With reference to FIG. 5 parts of a burner assembly are shown in an exploded view. The burner assembly comprises a swirler assembly 15 and a combustion pre-chamber 1. The orientation of the vanes 16 in the swirler assembly 15 is such that the fuel injection openings 9 in the combustion pre-chamber 1 are on a leeward side 14 of the main efflux of the fuel/air mixture 12 created in the swirler assembly 15.

Claims

1-17. (canceled)

18. A gas turbine combustion pre-chamber including an upstream end and a downstream end, the combustion pre-chamber comprising:

a transition channel formed by a wall, the wall extending between the upstream end and the downstream end;

a flow trip arranged on the wall and tapering in a height and a width to the downstream end; and

a plurality of effusion holes arranged in the wall and/or on the flow trip.

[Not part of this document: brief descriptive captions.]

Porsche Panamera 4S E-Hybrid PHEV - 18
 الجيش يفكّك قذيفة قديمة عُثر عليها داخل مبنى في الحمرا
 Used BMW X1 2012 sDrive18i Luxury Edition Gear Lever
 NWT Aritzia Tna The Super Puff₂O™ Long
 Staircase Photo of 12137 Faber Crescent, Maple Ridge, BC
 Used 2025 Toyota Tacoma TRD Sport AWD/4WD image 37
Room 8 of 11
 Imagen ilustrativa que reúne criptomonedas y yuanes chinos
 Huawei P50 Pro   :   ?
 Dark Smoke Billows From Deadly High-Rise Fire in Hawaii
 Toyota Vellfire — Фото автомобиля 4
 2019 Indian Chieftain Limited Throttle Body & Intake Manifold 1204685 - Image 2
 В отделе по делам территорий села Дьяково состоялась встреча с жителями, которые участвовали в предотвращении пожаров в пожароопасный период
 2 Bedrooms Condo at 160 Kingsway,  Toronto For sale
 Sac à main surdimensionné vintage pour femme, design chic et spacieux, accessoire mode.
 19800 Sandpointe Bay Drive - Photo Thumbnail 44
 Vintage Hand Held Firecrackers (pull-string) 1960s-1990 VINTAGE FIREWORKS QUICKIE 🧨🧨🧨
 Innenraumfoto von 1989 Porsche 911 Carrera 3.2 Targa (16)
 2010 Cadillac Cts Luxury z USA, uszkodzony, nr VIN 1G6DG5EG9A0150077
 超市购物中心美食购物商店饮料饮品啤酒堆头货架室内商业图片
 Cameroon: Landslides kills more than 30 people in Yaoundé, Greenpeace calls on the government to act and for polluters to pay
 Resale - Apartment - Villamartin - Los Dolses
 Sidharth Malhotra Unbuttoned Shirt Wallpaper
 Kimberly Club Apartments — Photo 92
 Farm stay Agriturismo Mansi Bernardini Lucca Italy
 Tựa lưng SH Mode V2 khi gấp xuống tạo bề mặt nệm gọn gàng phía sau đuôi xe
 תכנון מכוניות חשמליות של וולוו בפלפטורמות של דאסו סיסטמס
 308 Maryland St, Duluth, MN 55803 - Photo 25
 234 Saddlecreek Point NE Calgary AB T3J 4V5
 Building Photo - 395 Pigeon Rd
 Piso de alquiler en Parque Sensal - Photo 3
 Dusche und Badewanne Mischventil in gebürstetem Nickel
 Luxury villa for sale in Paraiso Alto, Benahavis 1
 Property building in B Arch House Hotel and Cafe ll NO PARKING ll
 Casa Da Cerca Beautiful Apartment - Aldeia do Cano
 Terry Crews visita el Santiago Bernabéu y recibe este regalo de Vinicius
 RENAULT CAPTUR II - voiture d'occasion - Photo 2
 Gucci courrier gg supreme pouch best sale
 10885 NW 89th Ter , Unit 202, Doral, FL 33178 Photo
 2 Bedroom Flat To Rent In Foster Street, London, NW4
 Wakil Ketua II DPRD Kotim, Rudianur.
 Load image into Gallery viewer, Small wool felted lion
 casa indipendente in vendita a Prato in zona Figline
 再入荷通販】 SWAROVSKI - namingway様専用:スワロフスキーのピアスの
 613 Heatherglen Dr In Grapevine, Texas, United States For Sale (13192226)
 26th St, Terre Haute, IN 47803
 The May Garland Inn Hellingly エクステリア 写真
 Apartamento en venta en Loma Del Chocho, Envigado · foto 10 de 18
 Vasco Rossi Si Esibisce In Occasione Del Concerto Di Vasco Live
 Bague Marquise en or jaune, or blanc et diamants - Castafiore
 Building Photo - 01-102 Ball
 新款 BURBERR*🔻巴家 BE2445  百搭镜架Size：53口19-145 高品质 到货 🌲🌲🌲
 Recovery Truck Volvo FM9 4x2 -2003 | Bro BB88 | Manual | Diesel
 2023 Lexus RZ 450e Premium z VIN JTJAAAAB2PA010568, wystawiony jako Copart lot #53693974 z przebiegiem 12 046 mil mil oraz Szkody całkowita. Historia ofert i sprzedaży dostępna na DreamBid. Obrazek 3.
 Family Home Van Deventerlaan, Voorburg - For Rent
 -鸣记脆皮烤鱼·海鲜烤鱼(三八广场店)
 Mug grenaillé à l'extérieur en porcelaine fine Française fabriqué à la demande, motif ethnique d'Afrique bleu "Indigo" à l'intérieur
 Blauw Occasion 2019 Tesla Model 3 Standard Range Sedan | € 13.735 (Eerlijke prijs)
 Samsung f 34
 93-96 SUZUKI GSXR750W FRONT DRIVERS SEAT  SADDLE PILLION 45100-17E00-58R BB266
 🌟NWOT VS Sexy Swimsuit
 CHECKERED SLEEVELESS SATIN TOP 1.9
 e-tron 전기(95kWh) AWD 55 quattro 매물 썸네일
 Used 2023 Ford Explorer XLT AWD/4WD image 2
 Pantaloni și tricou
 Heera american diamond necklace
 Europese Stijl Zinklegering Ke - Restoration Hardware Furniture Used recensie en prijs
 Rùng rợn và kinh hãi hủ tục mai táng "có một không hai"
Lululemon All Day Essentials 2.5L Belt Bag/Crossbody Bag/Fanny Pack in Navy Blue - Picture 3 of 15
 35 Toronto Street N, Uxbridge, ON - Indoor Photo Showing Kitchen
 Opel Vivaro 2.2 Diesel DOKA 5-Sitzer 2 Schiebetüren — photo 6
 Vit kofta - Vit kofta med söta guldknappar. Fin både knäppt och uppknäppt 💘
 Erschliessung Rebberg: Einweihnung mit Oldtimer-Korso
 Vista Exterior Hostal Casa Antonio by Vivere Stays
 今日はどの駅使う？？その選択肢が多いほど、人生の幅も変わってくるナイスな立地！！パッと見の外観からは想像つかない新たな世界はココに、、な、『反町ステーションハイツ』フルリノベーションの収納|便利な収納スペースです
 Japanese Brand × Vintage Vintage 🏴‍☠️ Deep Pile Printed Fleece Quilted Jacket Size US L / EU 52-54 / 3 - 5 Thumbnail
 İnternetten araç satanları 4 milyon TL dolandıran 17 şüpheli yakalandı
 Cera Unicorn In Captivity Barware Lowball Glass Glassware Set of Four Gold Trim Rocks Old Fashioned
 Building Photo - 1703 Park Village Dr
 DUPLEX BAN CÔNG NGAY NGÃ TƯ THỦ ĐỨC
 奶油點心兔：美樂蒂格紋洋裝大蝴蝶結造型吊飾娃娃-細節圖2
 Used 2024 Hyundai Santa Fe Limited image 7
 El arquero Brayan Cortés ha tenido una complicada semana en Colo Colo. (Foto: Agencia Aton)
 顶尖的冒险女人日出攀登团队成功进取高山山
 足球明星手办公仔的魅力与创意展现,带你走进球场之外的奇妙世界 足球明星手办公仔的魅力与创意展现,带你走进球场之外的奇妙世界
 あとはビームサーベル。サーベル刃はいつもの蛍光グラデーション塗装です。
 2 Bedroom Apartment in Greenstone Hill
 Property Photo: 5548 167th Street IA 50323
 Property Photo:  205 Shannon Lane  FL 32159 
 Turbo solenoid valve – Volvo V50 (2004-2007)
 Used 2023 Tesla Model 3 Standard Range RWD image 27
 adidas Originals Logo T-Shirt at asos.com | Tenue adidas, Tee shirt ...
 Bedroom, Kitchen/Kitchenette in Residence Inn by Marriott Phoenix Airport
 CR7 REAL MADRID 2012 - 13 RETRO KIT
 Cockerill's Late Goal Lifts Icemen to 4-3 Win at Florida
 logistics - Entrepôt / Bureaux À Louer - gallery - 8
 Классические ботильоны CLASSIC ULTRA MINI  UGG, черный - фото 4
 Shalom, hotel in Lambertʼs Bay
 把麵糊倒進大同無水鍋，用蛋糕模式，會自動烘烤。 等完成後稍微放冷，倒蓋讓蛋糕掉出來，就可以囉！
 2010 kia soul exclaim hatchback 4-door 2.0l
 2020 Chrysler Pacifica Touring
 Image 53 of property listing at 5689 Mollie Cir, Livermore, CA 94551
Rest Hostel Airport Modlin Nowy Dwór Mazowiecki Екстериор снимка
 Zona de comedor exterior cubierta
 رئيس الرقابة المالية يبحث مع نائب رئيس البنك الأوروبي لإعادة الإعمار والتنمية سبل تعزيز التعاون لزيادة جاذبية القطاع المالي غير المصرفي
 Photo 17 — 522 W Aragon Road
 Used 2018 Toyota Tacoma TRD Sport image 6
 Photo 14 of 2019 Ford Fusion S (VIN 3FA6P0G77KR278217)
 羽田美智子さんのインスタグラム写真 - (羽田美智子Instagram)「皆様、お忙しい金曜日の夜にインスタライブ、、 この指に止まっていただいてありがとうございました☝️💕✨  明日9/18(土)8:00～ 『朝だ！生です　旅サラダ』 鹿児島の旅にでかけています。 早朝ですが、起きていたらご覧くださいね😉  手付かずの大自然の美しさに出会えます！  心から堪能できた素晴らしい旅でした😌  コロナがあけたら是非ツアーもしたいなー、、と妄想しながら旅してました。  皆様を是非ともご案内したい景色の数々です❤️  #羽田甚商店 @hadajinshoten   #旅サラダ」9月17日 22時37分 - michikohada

19. The gas turbine combustion pre-chamber as claimed in claim 18, wherein the wall is tubular in shape.

20. The gas turbine combustion pre-chamber as claimed in claim 18, wherein the flow trip extends between the upstream end and the downstream end.

21. The gas turbine combustion pre-chamber as claimed in claim 18, wherein the flow trip is helical in shape.

22. The gas turbine combustion pre-chamber as claimed in claim 18, wherein a profile/cross-section of the flow trip is triangular.

23. The gas turbine combustion pre-chamber as claimed in claim 18, wherein a fuel injection opening is arranged on the flow trip.

24. The gas turbine combustion pre-chamber as claimed in claim 23, wherein the fuel injection opening is arranged closer to the upstream end than to the downstream end.

25. The gas turbine combustion pre-chamber as claimed in claim 23, further comprising a plurality of first effusion holes arranged in the wall.

26. The gas turbine combustion pre-chamber as claimed in claim 25, wherein the plurality of first effusion holes are arranged closer to the downstream end than to the upstream end.

27. The gas turbine combustion pre-chamber as claimed in claim 25, wherein a plurality of second effusion holes are arranged on the flow trip.

28. The gas turbine combustion pre-chamber as claimed in claim 27, wherein the plurality of second effusion holes are arranged downstream of the fuel injection opening.

29. The gas turbine combustion pre-chamber as claimed in claim 18, further comprising a flange.

30. A gas turbine burner assembly, comprising:

a gas turbine combustion pre-chamber, comprising: a transition channel formed by a wall, the wall extending between the upstream end and the downstream end, a flow trip arranged on the wall and tapering in a height and a width to the downstream end, and a plurality of effusion holes arranged in the wall and/or on the flow trip.

31. A gas turbine burner assembly as claimed in claim 30, further comprising a flange,

wherein the gas turbine combustion pre-chamber is arranged downstream of a swirler assembly, and

wherein the gas turbine combustion pre-chamber is connected to the swirler with the flange.

32. The gas turbine burner assembly as claimed in claim 30, wherein a fuel injection opening is arranged on the flow trip.

33. A gas turbine burner assembly as claimed in claim 32, wherein the fuel injection opening is arranged on a leeward side of the flow trip.

34. The gas turbine burner assembly as claimed in claim 30, wherein a first direction of rotation of the flow trip is in opposition to a second direction of rotation of a main efflux created by the swirler assembly.

35. A gas turbine engine, comprising:

a gas turbine burner assembly, comprising: a gas turbine combustion pre-chamber, comprising: a transition channel formed by a wall, the wall extending between the upstream end and the downstream end, a flow trip arranged on the wall and tapering in a height and a width to the downstream end, and a plurality of effusion holes arranged in the wall and/or on the flow trip.

36. A gas turbine engine as claimed in claim 35,

wherein the gas turbine burner assembly further comprises a flange,

wherein the gas turbine combustion pre-chamber is arranged downstream of a swirler assembly, and

wherein the gas turbine combustion pre-chamber is connected to the swirler with the flange.

37. The gas turbine engine as claimed in claim 35, wherein a first direction of rotation of the flow trip is in opposition to a second direction of rotation of a main efflux created by the swirler assembly.